Earth Observation has a key role to play in the sustainable development of the Arctic region, but the services that are put in place must be flexible to respond to the changing needs and conditions of the region. It is expected that provision of accurate and near-real time automated sea ice mapping will have a positive impact on maritime navigation and safety.
Whilst the Arctic may be remote, it is home to some 4 million people and has a US$ 230 billion a year economy (World Economic Forum, 2014). Earth Observation must provide the needed information for Arctic peoples and wider society, science, private sector and decision makers. Areas including the Northern Sea Route and North-West Passage feature restricted channels and highly variable ice conditions, even though the overall Arctic sea ice extent is steadily decreasing. Usage of these areas is increasing predominantly due to natural resource exploitation activities. Some estimates have 25% of Europe-Asia trade (The Chinese “Ice Silk Road”) passing through the Arctic by 2035 by the use of some 2000 vessels. In addition, areas including the waters around Svalbard islands and Greenland, and in the southern hemisphere the Antarctic Peninsula, are seeing a steady increase in tourist vessel traffic. Tourist cruise ship passengers to Svalbard are estimated to reach 38,000 in 2020 (Association of Arctic Expedition Cruise Operators) and 25 new Polar Class expedition cruise vessels are planned to launch in the period 2018-2020 that both increase capacity, and introduce the capability to operate in more severe ice conditions including winter.

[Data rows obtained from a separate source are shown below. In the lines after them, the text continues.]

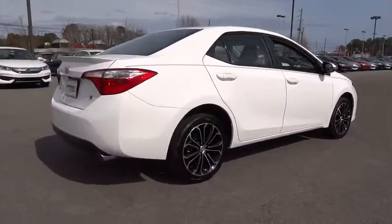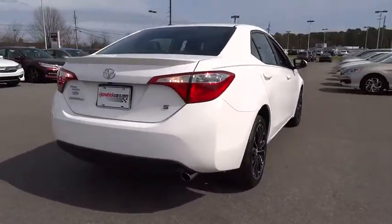This vehicle has less than 5,000 miles. Here are some of this vehicle's great options.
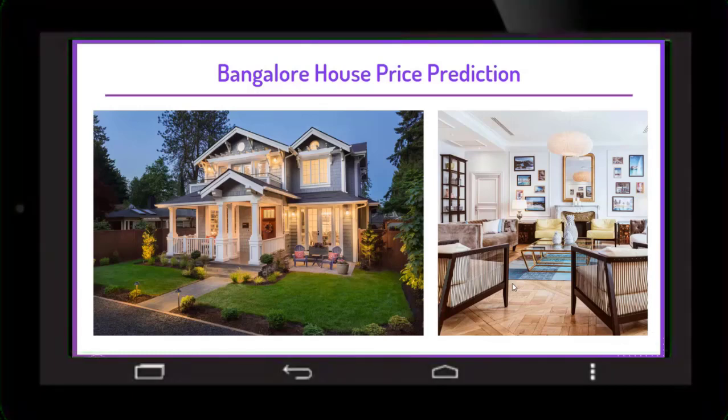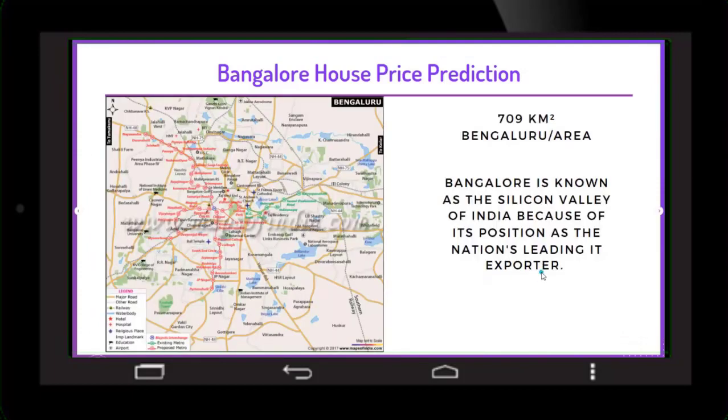The residential areas are quite self-contained with good infrastructure facilities such as banks, schools, hospitals, restaurants, cafes, pubs, parks, and retail stores. Let's check the city map of Bangalore. The area of Bangalore is 709 km², taken from Wikipedia, so that may have changed.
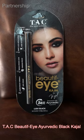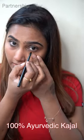Next one is TAC Ayurvedic Black Hatch. This is 100% Ayurvedic, and that is the most important part. It contains Moringa Oil, Castor Oil, Almond Oil, and Vitamin E. This lasts 24 hours.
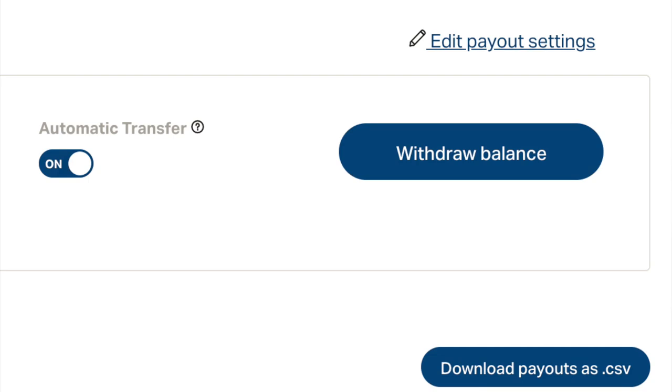If you did want to for any reason you can click a withdraw money button, but I prefer to just leave Patreon to automatically transfer it. That way I get one payment per month and it's much easier to track.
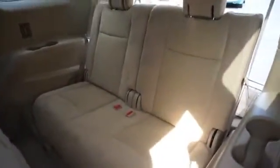Rest easy knowing this vehicle comes with a CARFAX vehicle history report from CARFAX, the most trusted provider of vehicle history information. Let us put you in the driver's seat today — call or click to contact us.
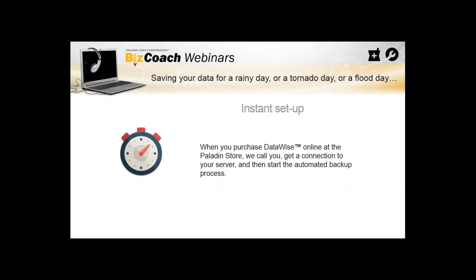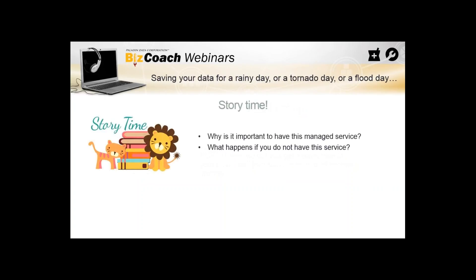When you purchase DataWise online at the Paladin store, we call you, get a connection to the server computer, and start the automated backup process. We install it on the Paladin server since that computer is normally left on. We monitor it to make sure everything is good and it's a viable backup. It's fully automatic after setup. If something goes wrong — say a manager closed the server and a backup wasn't made — we'd know right away and alert you, ensuring we always have the latest backup.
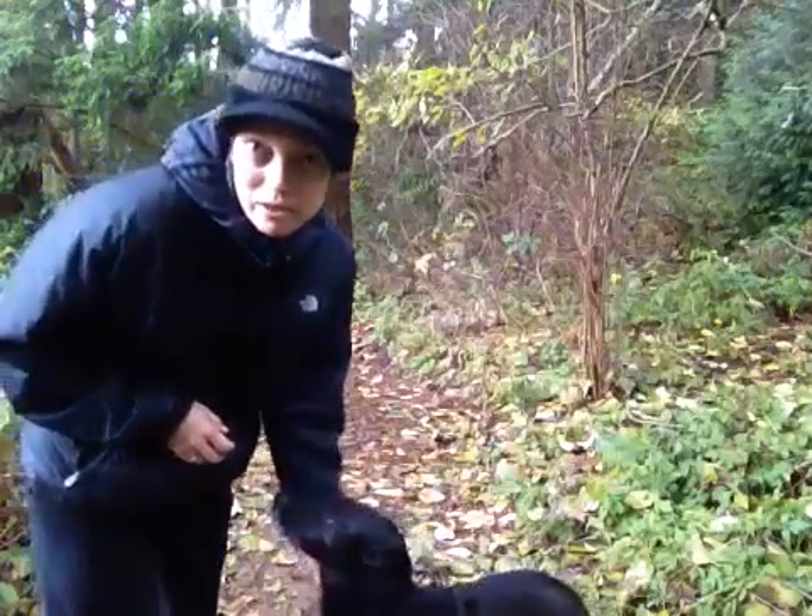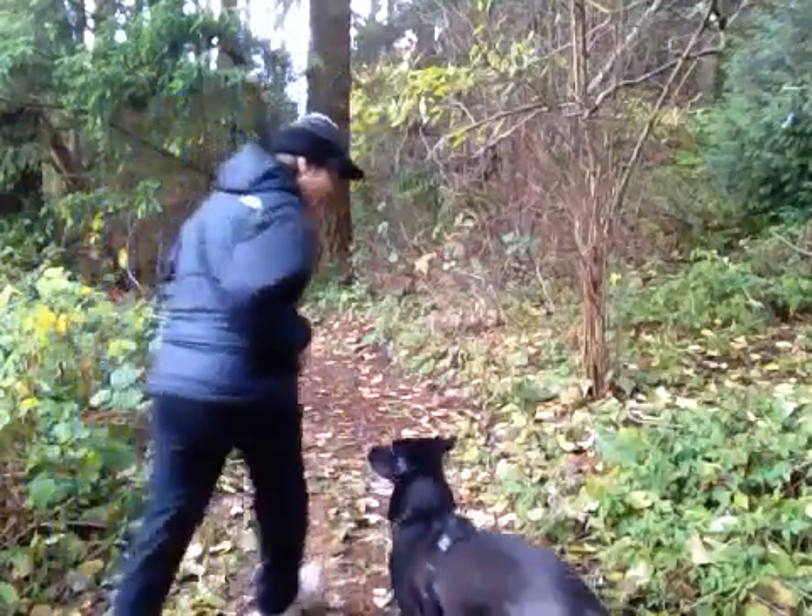So again, I'm Grisha from Ahimsa Dog Training in Seattle. It's DoggiesN.com. Stay.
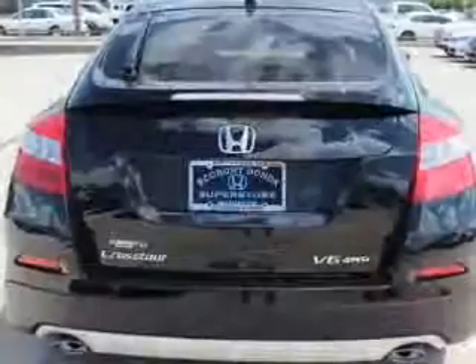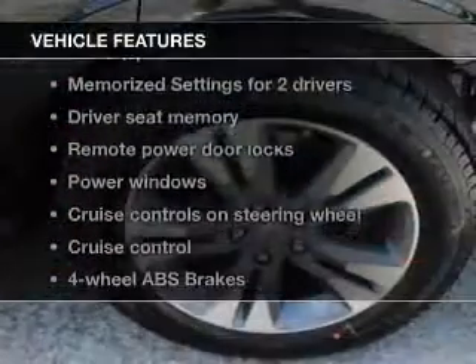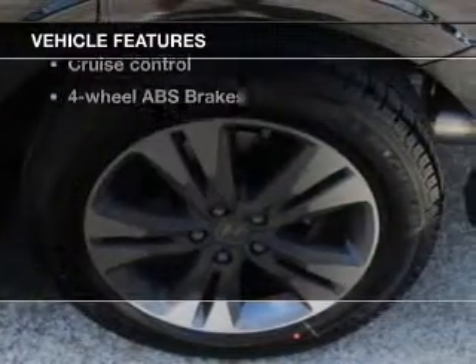Power and reliability are a great combination. This vehicle has both. And with these notable features, you won't want to miss out on the opportunity to own this amazing ride.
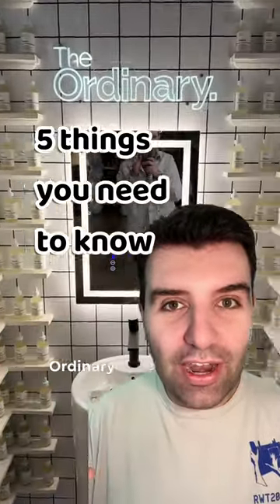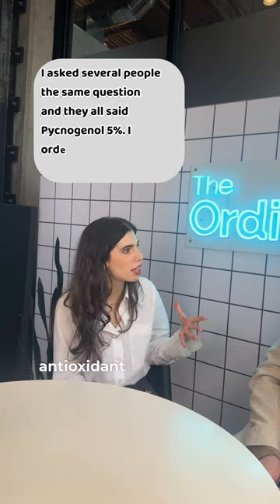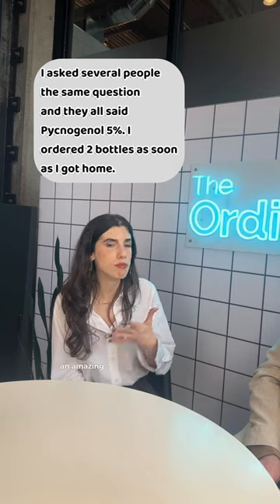Five things you need to know about The Ordinary. Pycnogenol 5% is their most underrated product — it's such a great antioxidant, it really gives your skin an amazing glow, and I wish that more people loved it.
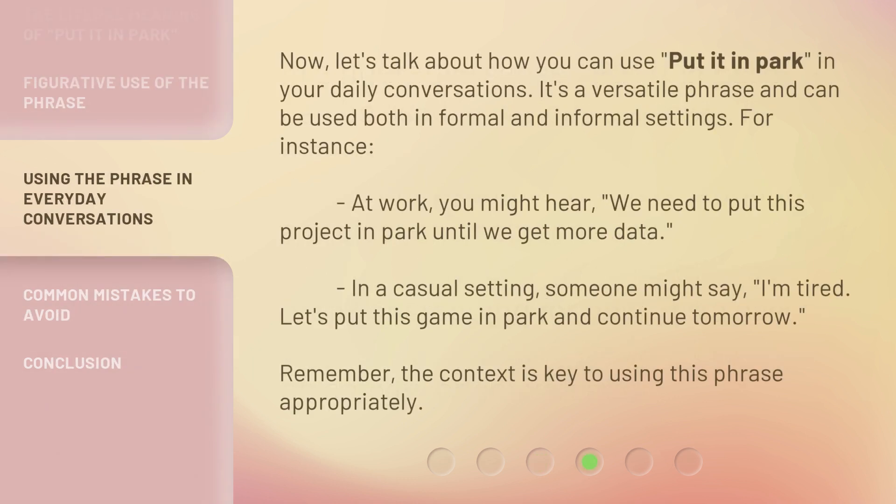Now let's talk about how you can use 'put it in park' in your daily conversations. It's a versatile phrase and can be used both in formal and informal settings. For instance, at work you might hear, 'we need to put this project in park until we get more data.' In a casual setting, someone might say, 'I'm tired. Let's put this game in park and continue tomorrow.' Remember, the context is key to using this phrase appropriately.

Finally, Polar fishing is an important economic activity for the Arctic countries but also for the global food chain. As an example of the number of vessels and monetary value involved, the Norwegian Directorate of Fisheries included 1748 vessels in a profitability study for 2014 and showed that these vessels were responsible for 91.5% of total catch value for that year totaling about €1727 million in financial value. With increased activity in the Polar Regions, comes increased risk of incident both to the lives of those conducting the activity and to the environment. The cost of an incident, particularly if it involves spillage of oil, is immense. Even a small spill, such as wreck of the vessel Selendang Ayu in 2004 where 1,200 tons of heavy fuel oil were released, cost upward of US $112 million. Whilst the Polar Code encourages ships not to carry heavy fuel oil, it is not banned in the Arctic as it is in the Antarctic under MARPOL. Vessel sinkings in the Polar Regions are rare, but notable incidents such as the sinking of the cruise vessel Explorer in the Bransfield Strait, Antarctica in 2007 due to damage sustained in a collision with land-derived ice (an iceberg fragment, also known as a growler) highlight the need for accurate and routine sea ice information products. ExtremeEarth, by providing these up-to-date and accurate sea ice mapping products, will help to minimise these risks.